Once we have the kg object instantiated, we can use its short-cuts for the food-related vocabularies. Then construct the graph from a sequence of triples:

import rdflib
from rdflib.namespace import RDF, XSD

node = rdflib.URIRef("https://www.food.com/recipe/327593")

kg.add(node, RDF.type, kg.get_ns("wtm").Recipe)
kg.add(node, kg.get_ns("wtm").hasCookTime, rdflib.Literal("PT8M", datatype=XSD.duration))
kg.add(node, kg.get_ns("wtm").hasIngredient, kg.get_ns("ind").ChickenEgg)
kg.add(node, kg.get_ns("wtm").hasIngredient, kg.get_ns("ind").CowMilk)
kg.add(node, kg.get_ns("wtm").hasIngredient, kg.get_ns("ind").WholeWheatFlour)

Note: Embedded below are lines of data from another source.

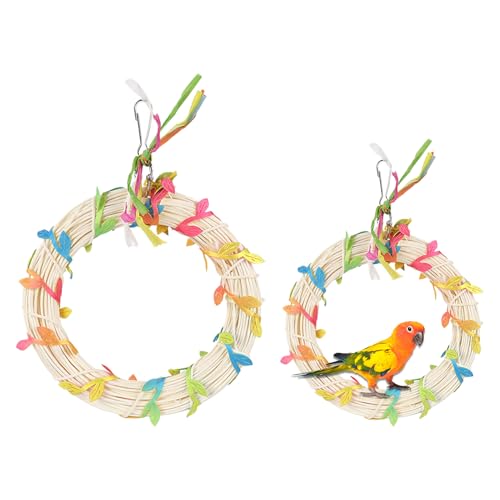 Niesel Parakeet Schaukel | Vogelkäfig Ring Sitzstange | Interaktives Multifunktions-Käfigspielzeug Mit Blättern Für Papageien, Sittiche Und Nymphensittiche von Niesel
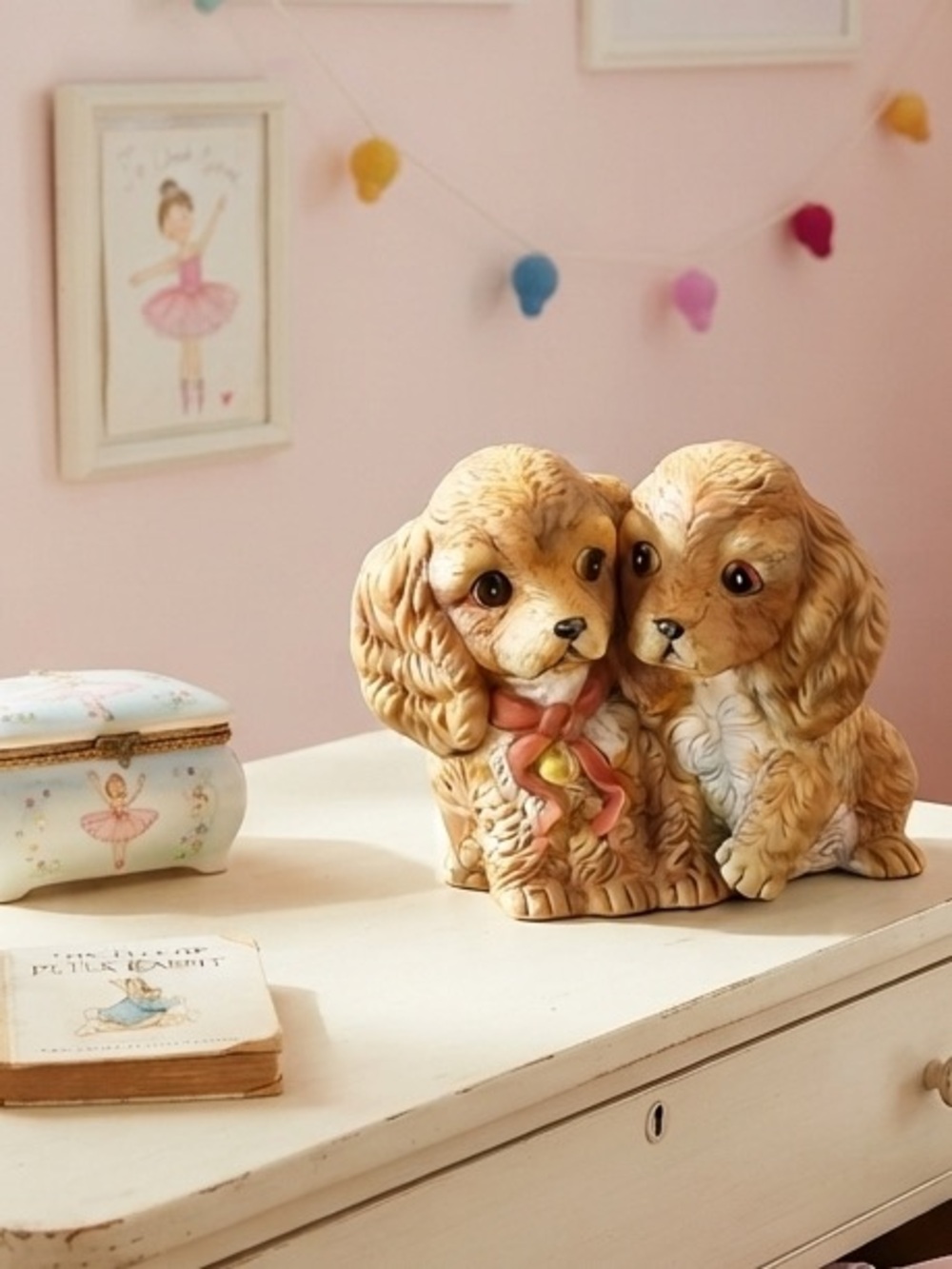 Vintage Masterpiece Porcelain figurine by Homco, adorable Cocker Spaniel puppies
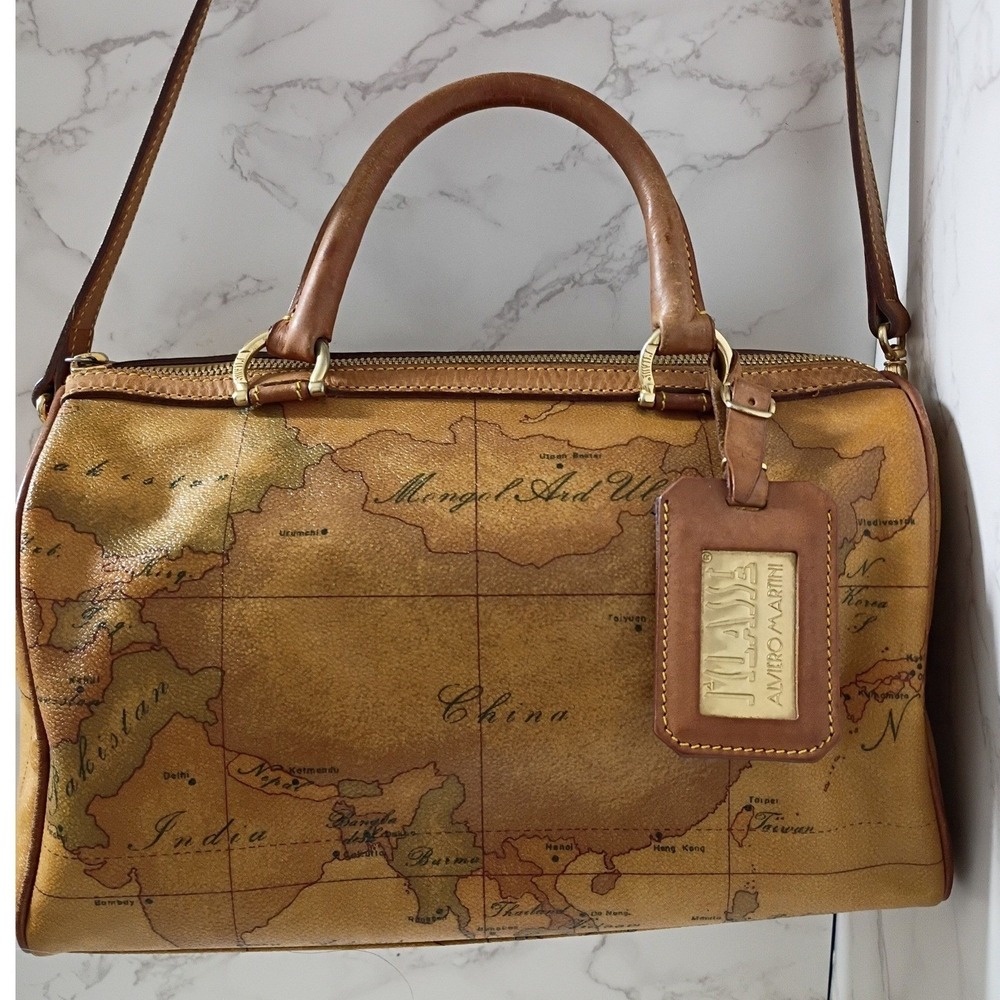 ALVIERO MARTINI Vintage 1ᴬ Classe Geo Classic Boston Bag/Crossbody - EUC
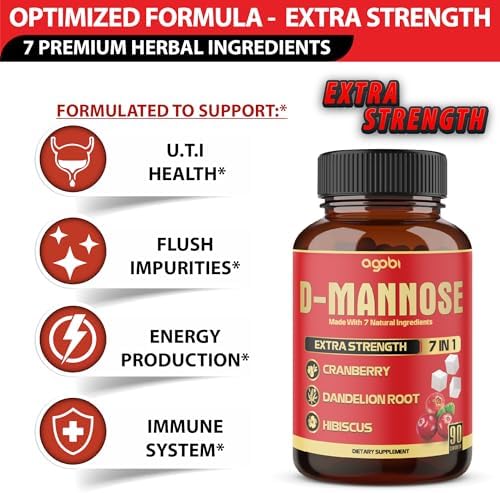 agobi D-Mannose Capsules - 7 Herbs with Cranberry, Dandelion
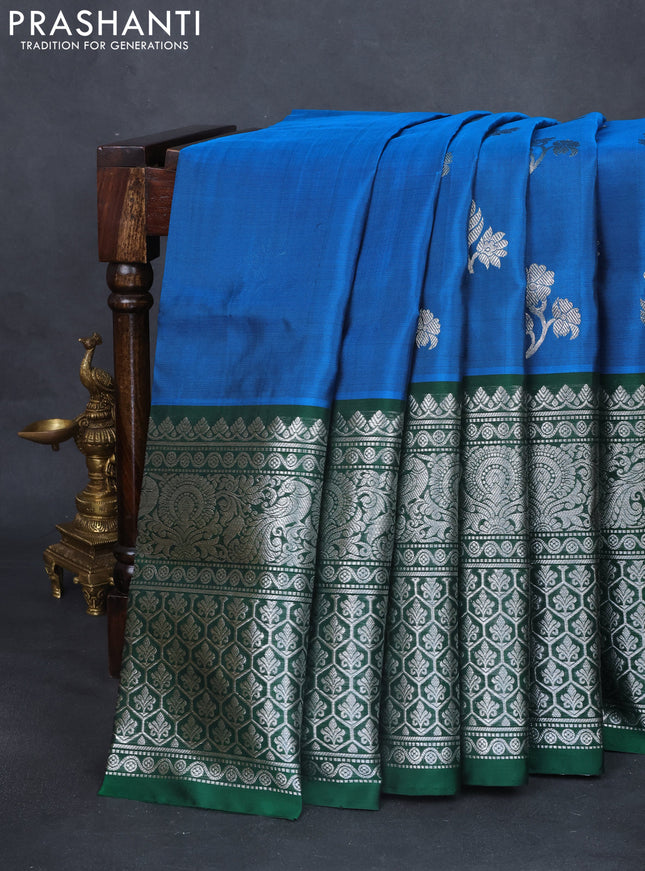 Venkatagiri silk saree cs blue and green with silver zari woven buttas and long silver zari woven border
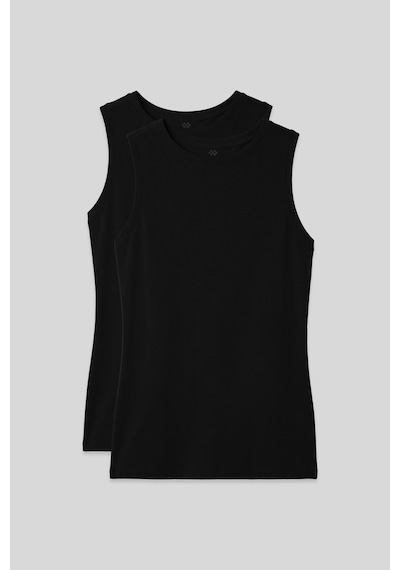 Tommy Life Slim Fit Basic O Yaka 2li Paket Siyah Kadın Atlet - 97313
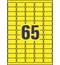 Этикетки Avery Zweckform удаляемые  I+L+CL, 38,1х21,1мм, А4, 65шт/л, 20л/уп, желтые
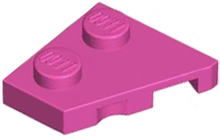 Wedge Plate 2 x 2 Left in Dark Pink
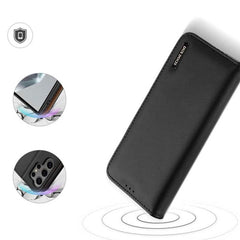 Dux Ducis Hivo læder flop cover med RFID til Samsung S24 Ultra - Sort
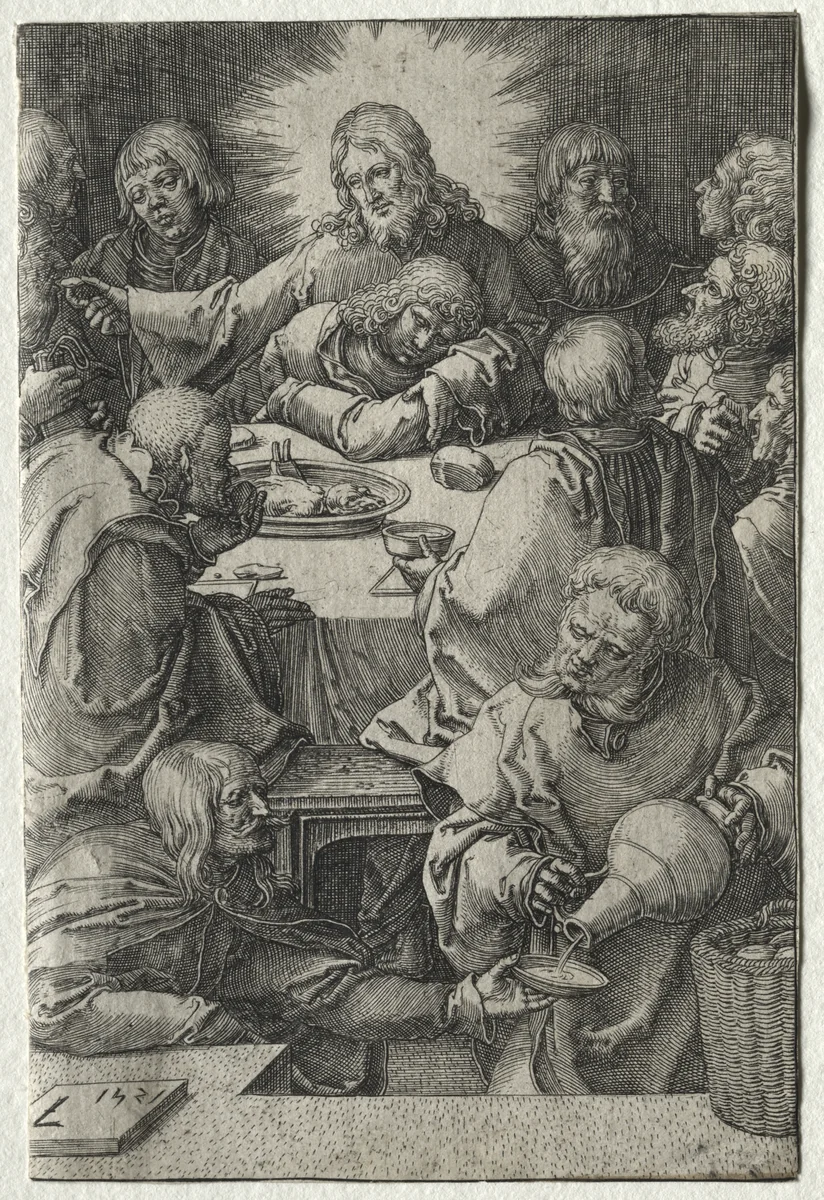 The Passion: The Last Supper by Lucas van Leyden, print, 1521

Iterating through these triples shows their full URLs:

for s, p, o in kg.rdf_graph():
    print(s, p, o)
https://www.food.com/recipe/327593 http://purl.org/heals/food/hasIngredient http://purl.org/heals/ingredient/CowMilk
https://www.food.com/recipe/327593 http://purl.org/heals/food/hasIngredient http://purl.org/heals/ingredient/ChickenEgg
https://www.food.com/recipe/327593 http://purl.org/heals/food/hasCookTime PT8M
https://www.food.com/recipe/327593 http://purl.org/heals/food/hasIngredient http://purl.org/heals/ingredient/WholeWheatFlour
https://www.food.com/recipe/327593 http://www.w3.org/1999/02/22-rdf-syntax-ns#type http://purl.org/heals/food/Recipe

As another way to exam the triples, we can serialize the graph to a string – in this case, using Turtle format:

s = kg.rdf_graph().serialize(format="ttl")
print(s.decode("utf-8"))
@prefix ind: <http://purl.org/heals/ingredient/> .
@prefix wtm: <http://purl.org/heals/food/> .
@prefix xsd: <http://www.w3.org/2001/XMLSchema#> .

<https://www.food.com/recipe/327593> a wtm:Recipe ;
    wtm:hasCookTime "PT8M"^^xsd:duration ;
    wtm:hasIngredient ind:ChickenEgg,
        ind:CowMilk,
        ind:WholeWheatFlour .

Overall, with the kglab library the KG serialization to multiple formats (Turtle, XML, JSON-LD, etc.) becomes much simpler:

kg.save_rdf("tmp.ttl")
kg.save_rdf("tmp.xml", format="xml")
kg.save_jsonld("tmp.jsonld")

Try opening these files to confirm their serialized contents.

Next, we'll use the Parquet format for columnar storage. Use of this technology has been especially effective for Big Data frameworks handling data management and analytics efficiently. It's simple to partitioned into multiple files (e.g., for distributed processing per partition) and the columns can be selectively decompressed on file reads (e.g., for predicate pushdown optimizations).

kg.save_parquet("tmp.parquet")

Let's compare the relative files sizes for these formats:

import pandas as pd
import os

file_paths = ["tmp.jsonld", "tmp.ttl", "tmp.xml", "tmp.parquet"]
file_sizes = [os.path.getsize(file_path) for file_path in file_paths]

df = pd.DataFrame({"file_path": file_paths, "file_size": file_sizes})
df
file_path file_size
0 tmp.jsonld 864
1 tmp.ttl 344
2 tmp.xml 686
3 tmp.parquet 3555

Parquet uses compression based on a "dictionary" approach, so it added overhead for small files such as this KG. We'll revisit this comparison across file formats again with a larger KG.


Exercises

Exercise 1:

Using the kglab library, extend the graph by adding another recipe, such as German Egg Pancakes https://www.food.com/recipe/406738 then serialize out to the three file formats again. How do the relative file sizes compare as the size of the graph grows?


Last update: 2021-01-21